Authored by SA Bill Vanderpool, a career FBI agent and member of the Firearms Training Unit at the Bureau, he was uniquely positioned to take a look at the history of equipment and training at the elite federal law enforcement agency. It begins at the beginning – actually under President Theodore Roosevelt – through Prohibition and into the transition into the Glock “M” pistols.

The book examines the hardware of the FBI – handguns (revolvers and semi-autos, including some documentation of those), shotguns and rifles. There is some examination of holsters and ammunition. There’s an article reprint from J. Edgar Hoover on firearms and firearms training. Courses of fire from years gone by give a clue to what they were thinking.

It’s not a slim volume, at 352 pages – including a 16-page color photo section – and it lacks nothing in terms of broad coverage of this topic area.

So why the FBI? It’s been my experience that state and local agencies will mimic the Bureau’s choices of equipment and sometimes training.
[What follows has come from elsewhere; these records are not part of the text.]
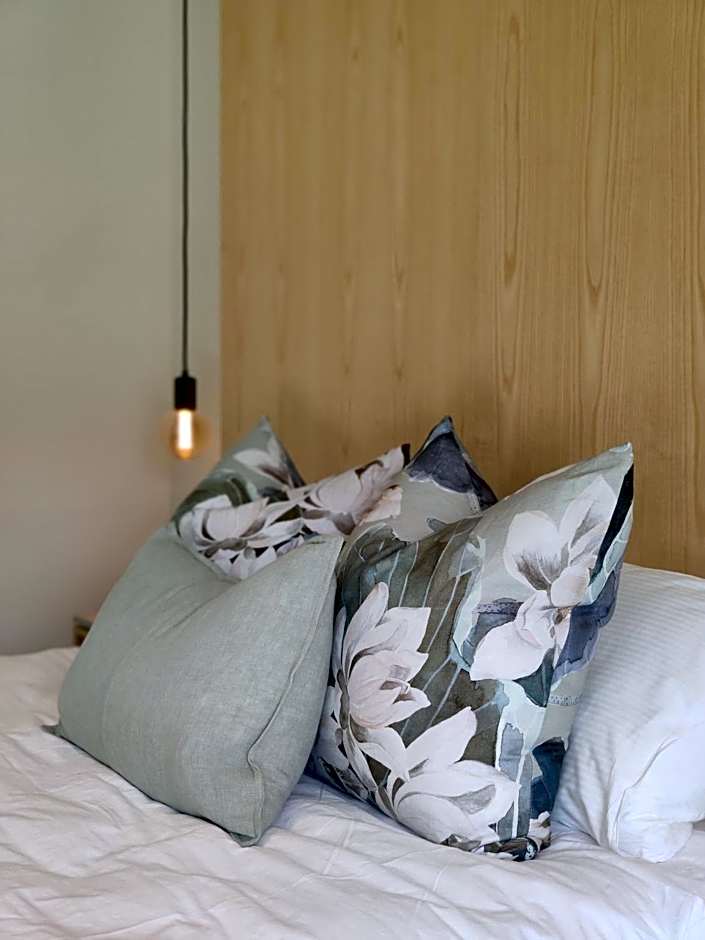 Tussock Hill Vineyard Retreats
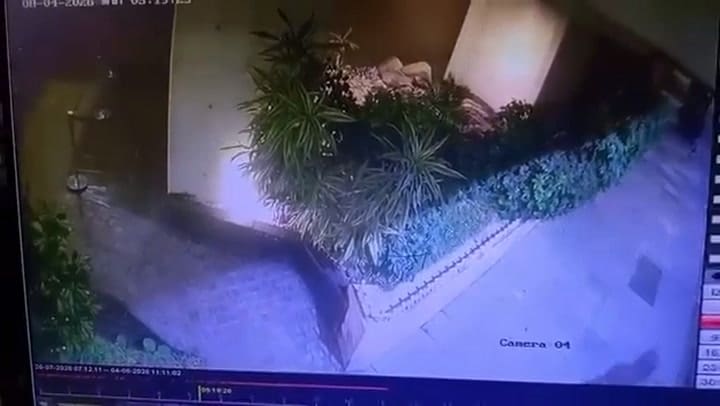 Aparecieron videos de Facundo Moyano corriendo a Candela Arizaga tras salir de su departamento en Belgrano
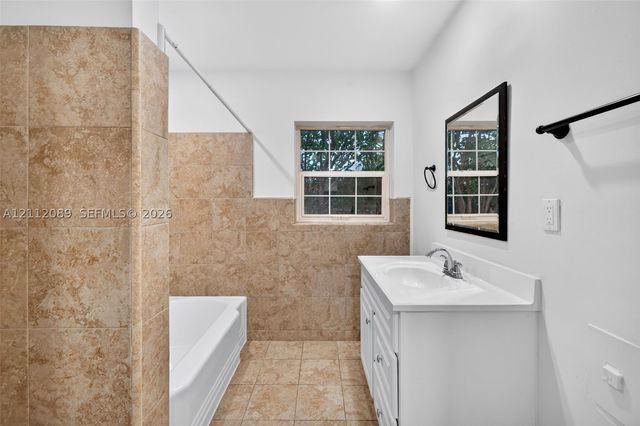 2017 NE 29th Ct, Fort Lauderdale, FL 33306
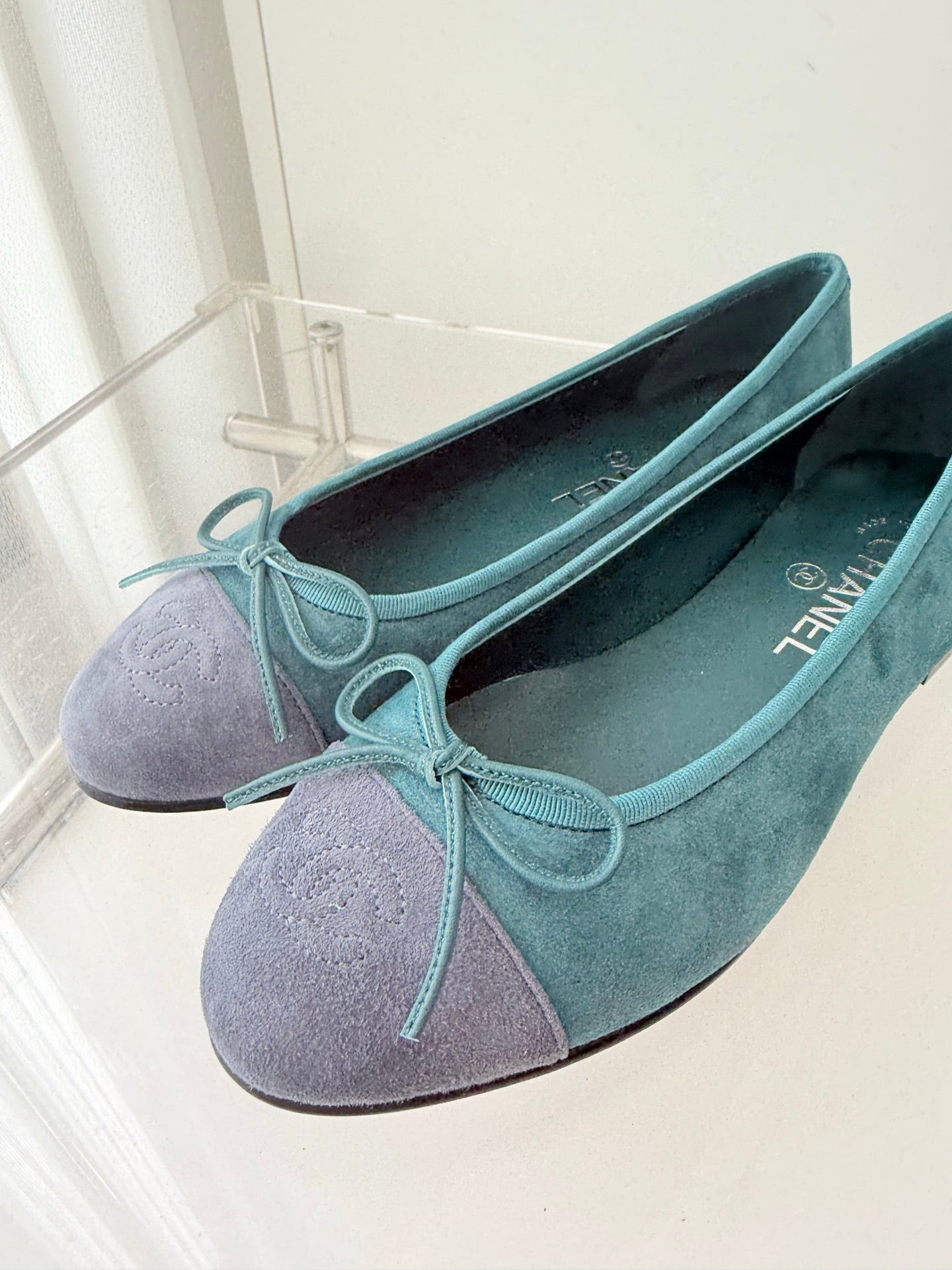 Chanel 25 Ballet Flat Green Mix Gray Suede 566822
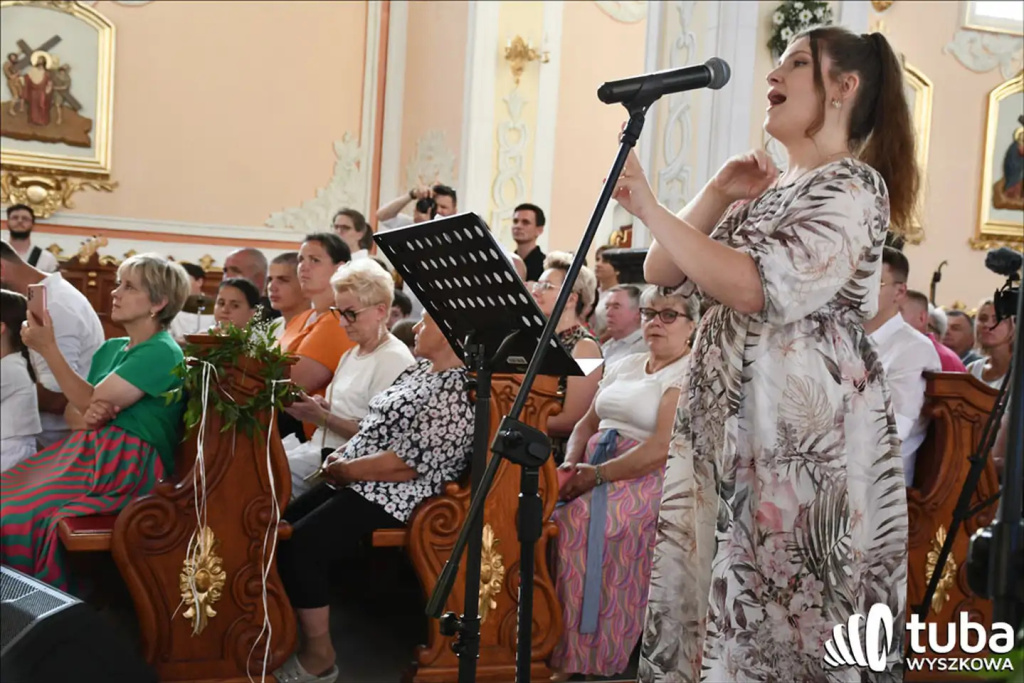 Wielbili śpiewem (VIDEO)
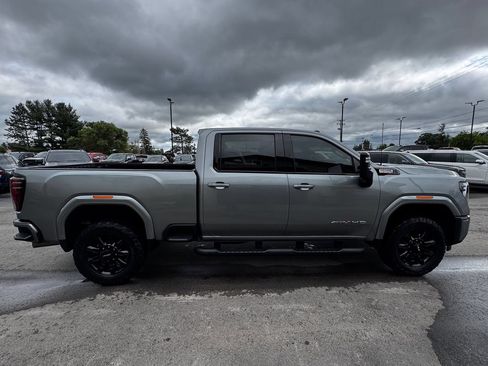 Used 2024 GMC Sierra 2500 AT4 w/ AT4 Preferred Package AWD/4WD image 7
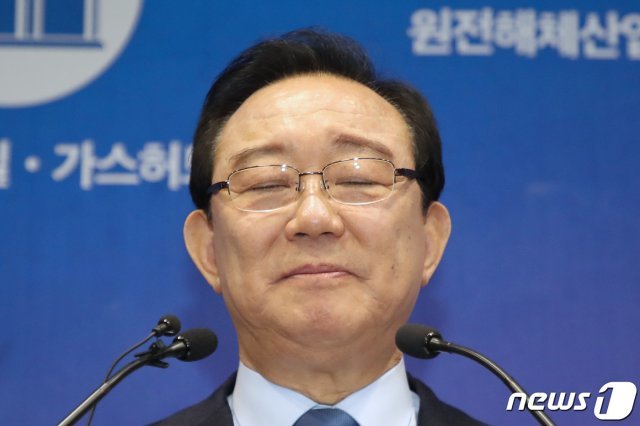 송철호 울산시장이 11일 오전 울산시청 프레스센터에서 울산시 2020년 국가 예산 확보 관련 기자회견 중 청와대 하명수사 의혹과 관련한 취재진의 질문에 답하며 눈을 감고 있다. 2019.12.11/뉴스1 © News1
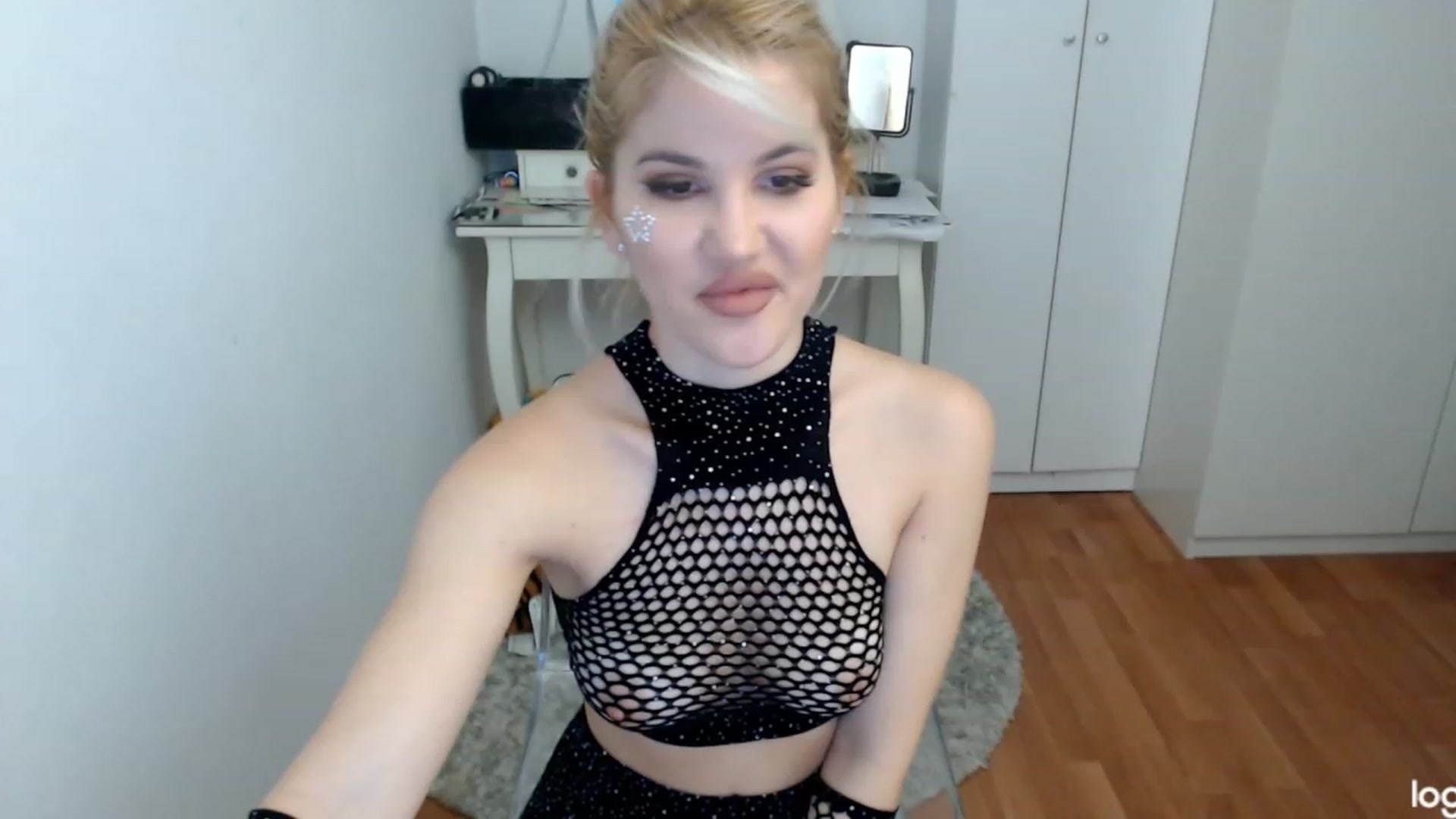 Gallery image thumbnail from AutumnJewel's myfreecams stream on, 10/31/2023, 09:18 image 4 of 20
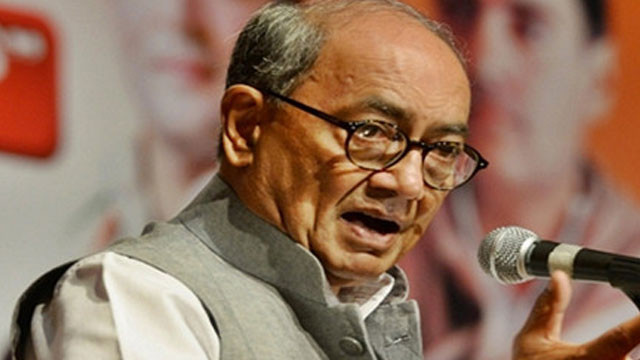 Digvijaya Singh Meets CM Yadav Sparks Congress Speculation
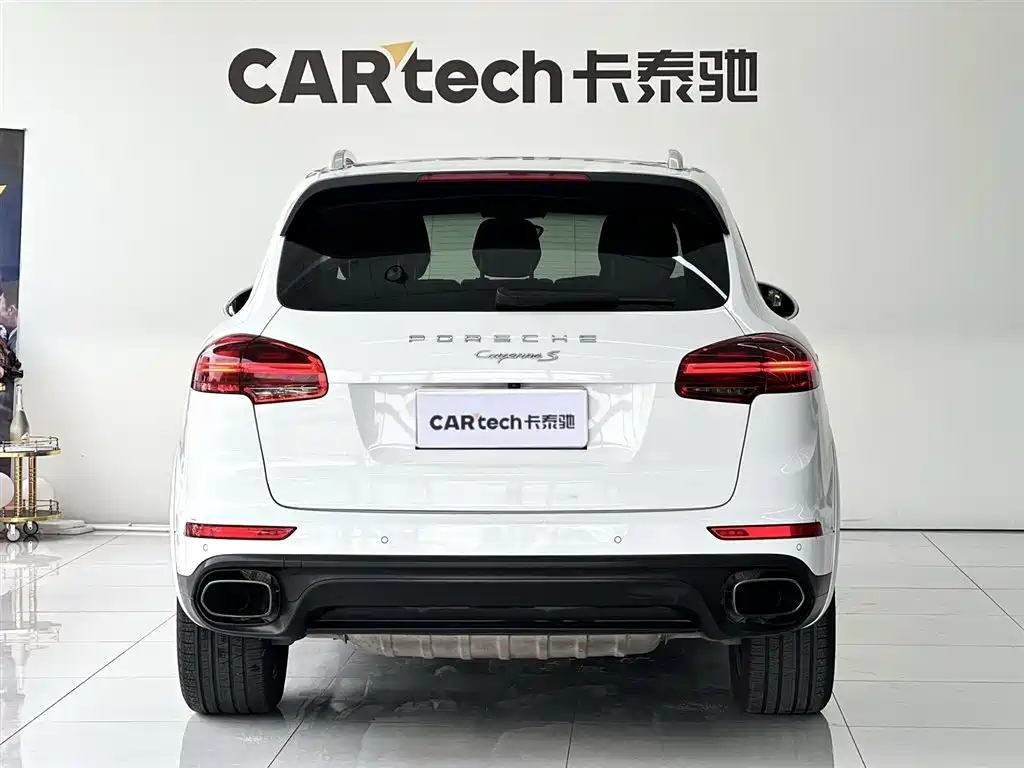 Porsche Cayenne 2016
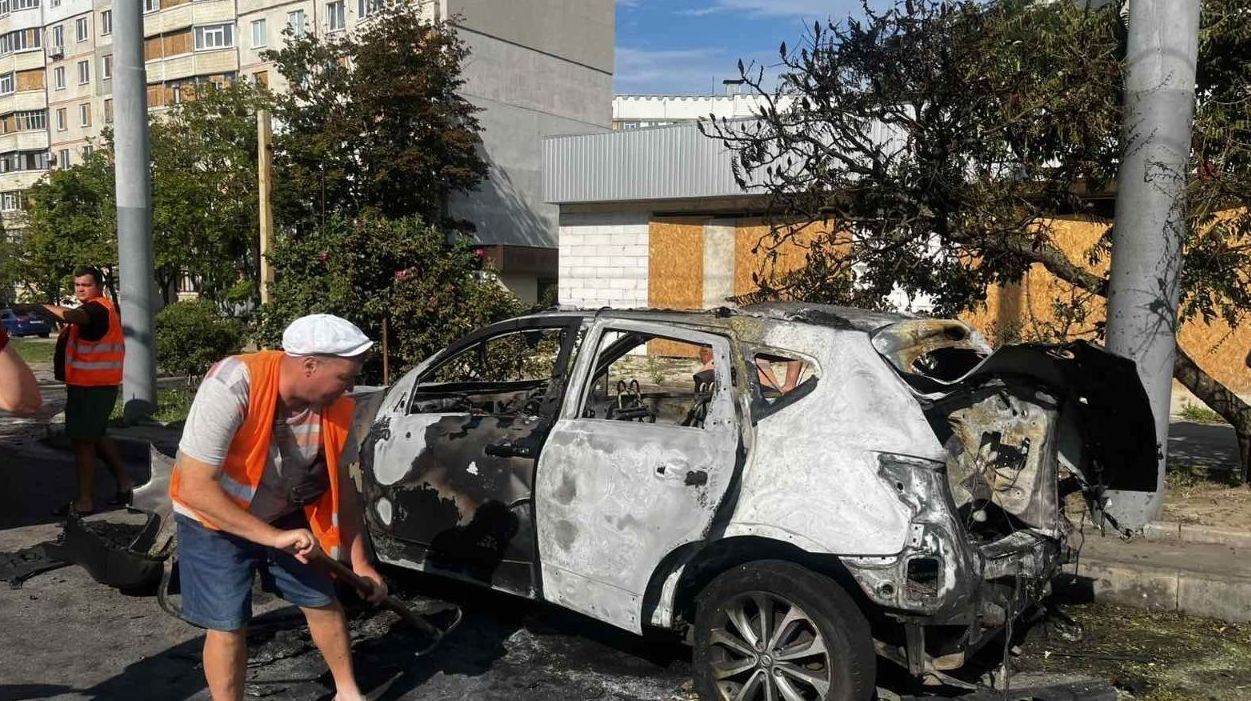 В Харькове убирают на месте удара по автомобилю (фото)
When our agency was moving into another direction and I was being excised from training, I recommended that the outfit send the new guy to an FBI firearms instructor school.

There was a method to my madness. It was two weeks, not the single week many state agencies and NRA law enforcement used, and the FBI covered a broader range of methods: from old-style point shooting up through and past the Modern Technique of the Pistol. It took passing a bullseye course of fire, shot on FBI’s own target, FBI-IP, to get in – then you had to pass it again part way through the course.

Our guy worked hard to get ready to get in, went in with a great attitude and came out as one of the very best instructors we ever had. He’d have been fine going through our own state academy program – at that time, difficult as well – but this prevented the tendency to institutional inertia.

As to this book? It’s a critical piece of defense firearms history, indispensable to the serious student. The addenda are worth the asking price of the tome – giving us an in-depth look at old FBI courses. The current FBI course is one of my favorites though I often cut back on some of the repetitive strings up close and replace that with rounds from fifty yards and a head-box hit from 25 yards – otherwise, I think it’s fine as is.